*** COLLECTED DATA ***

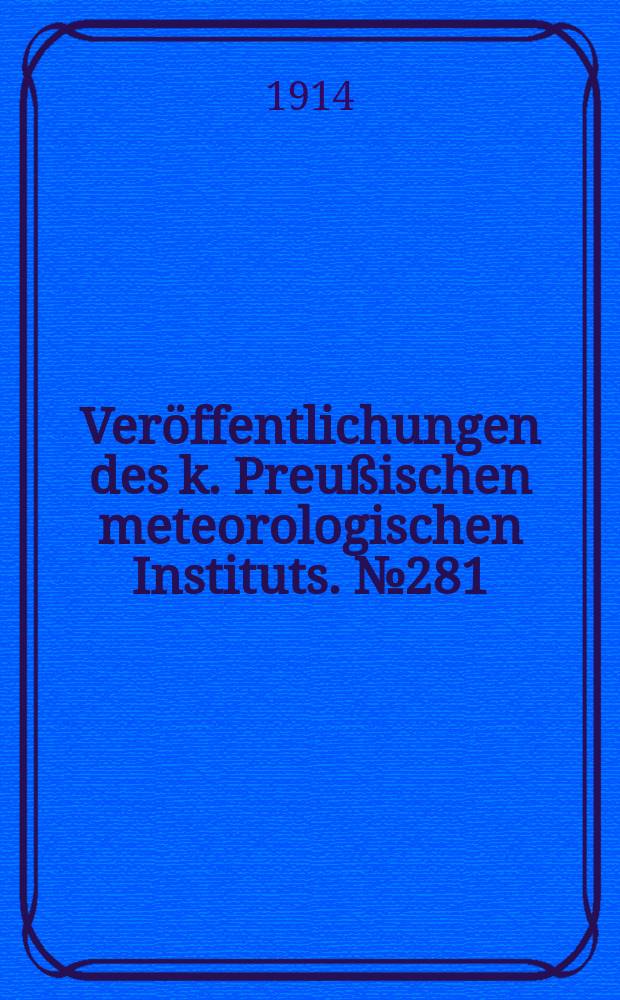Veröffentlichungen des k. Preußischen meteorologischen Instituts. №281
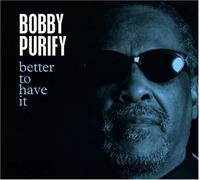 Purify,Bobby - Better To Have It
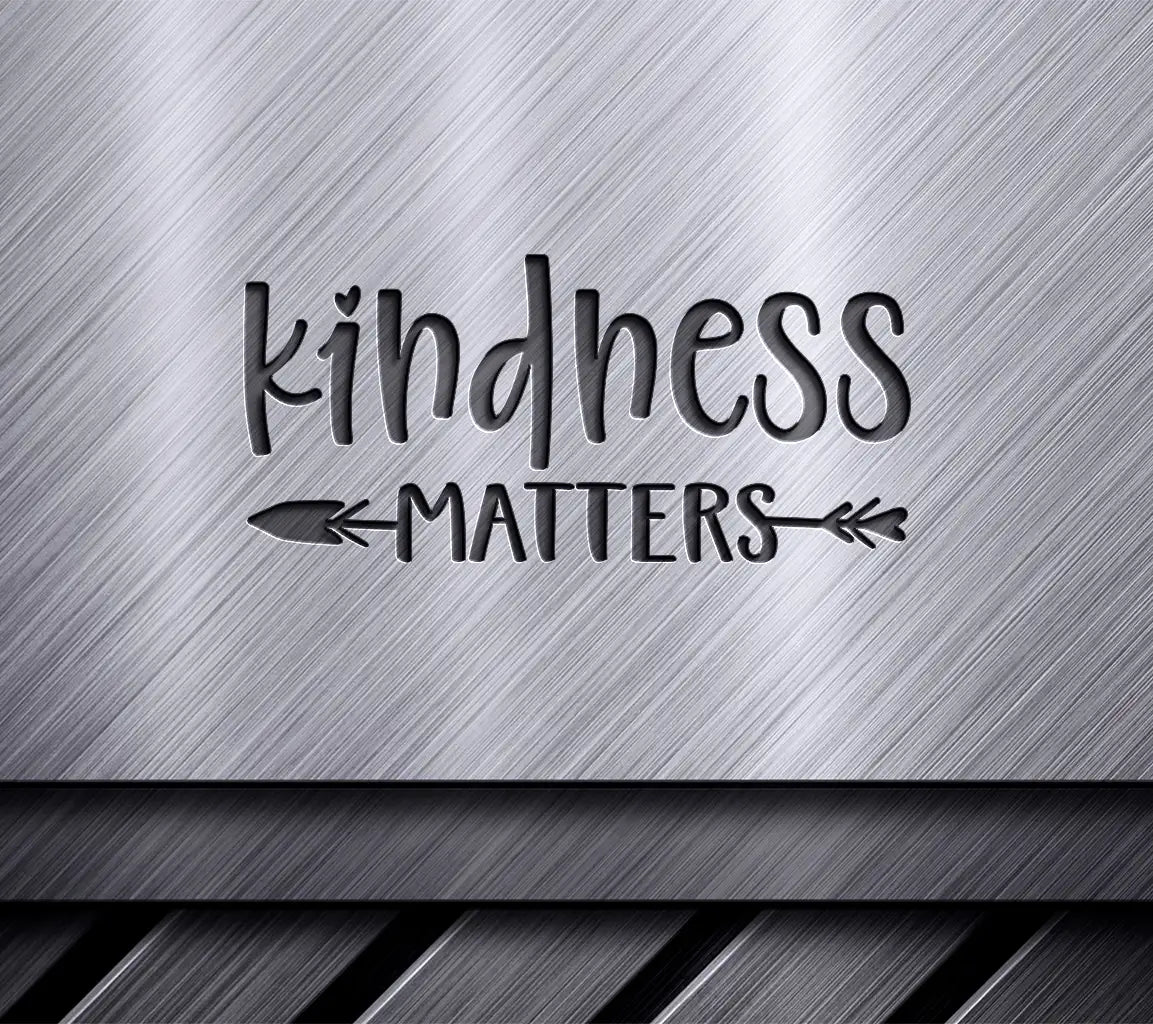 Kindness Matters Arrow Design SVG -  SVG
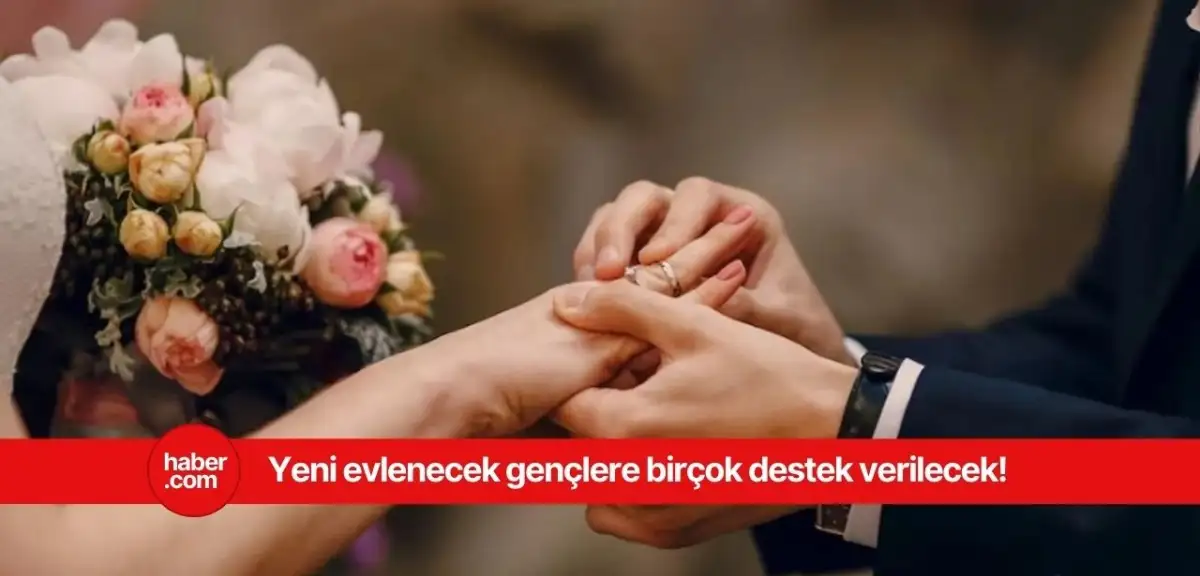 Yeni evlenecek gençlere beyaz eşya ve mobilya desteği verilecek!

*** End of COLLECTED DATA ***

**ASSIGNMENT:** Restate word for word the lines beginning with the one that contains "Kindness Matters Arrow" and ending with the last line of the listing; pictures stay out.

**SOLUTION FOR THIS PROBLEM:**
 Kindness Matters Arrow Design SVG -  SVG
 Yeni evlenecek gençlere beyaz eşya ve mobilya desteği verilecek!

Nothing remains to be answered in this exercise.